Thursday, September 11, 2008

Are gile? Our gyle? Argyle!

With so many patterns available and a seemingly endless array of fabrics, today I'd like to talk about Argyle and other great geometric designs. Argyle is a pattern characteristic of diamond shaped blocks, usually set against a colored background. Cross stripes may accent the diamonds of color, leading many people to consider argyle as a type of plaid. Argyle is usually only found in knitwear, but has also been more economically screen printed on shirts. True argyle requires difficult knitting skills, as the patterns are often intricate and complex.

Plaid is generally associated with Scottish textiles. Many historical fashion sources date Argyle fabrics to at least the 1500s, when it first appeared as an iconic pattern on socks of the Scottish Campbell Clan. The Clan was native to County Argyll in Scotland - and so the diamond pattern became associated with the county it originated. And with all trends, by the 1700s, the pattern had migrated to England, where other colors and patterns were introduced. But diamonds last forever. All Argyle always has diamonds in the pattern.

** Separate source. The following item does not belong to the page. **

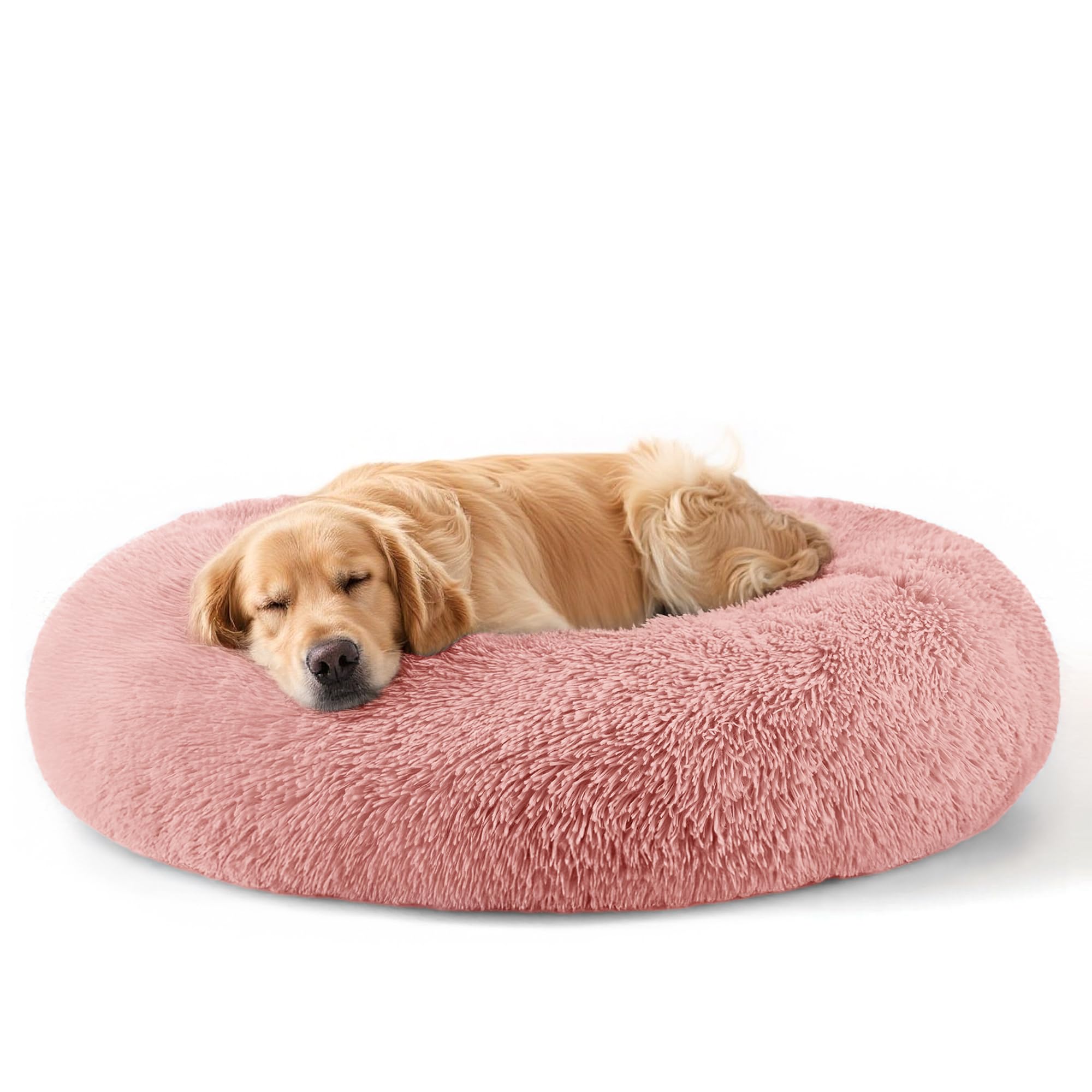 Dog Beds Large Sized Dog and Cats, 32in Pet Beds for Large Pet, Washable Indestructible Extra Large Dog Bed (Pink)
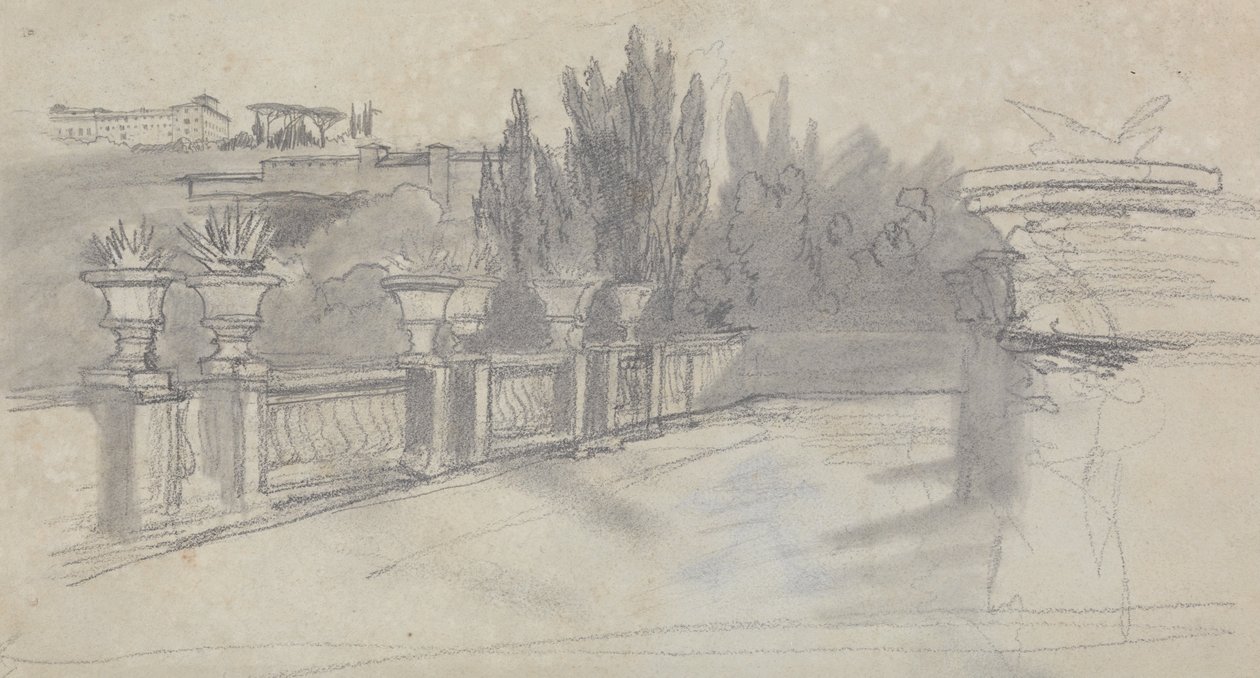 Villa Torlania, formerly Villa Conti, Erascati da Edward Lear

As with any pattern, Argyle can be mixed and matched with other patterns. If the Argyle pattern is of a larger proportion (like on a sweater vest or sweater), pair it with a smaller pattern (like a shirt with thin stripes or dots). Argyle socks always spice up otherwise boring khaki pants and brown shoes. And Argyle ties or scarves bring a bit of nostalgia and prep to any ensemble. From prep to punk, Argyle is sure to bring an unexpected element to your wardrobe in the most pleasant way!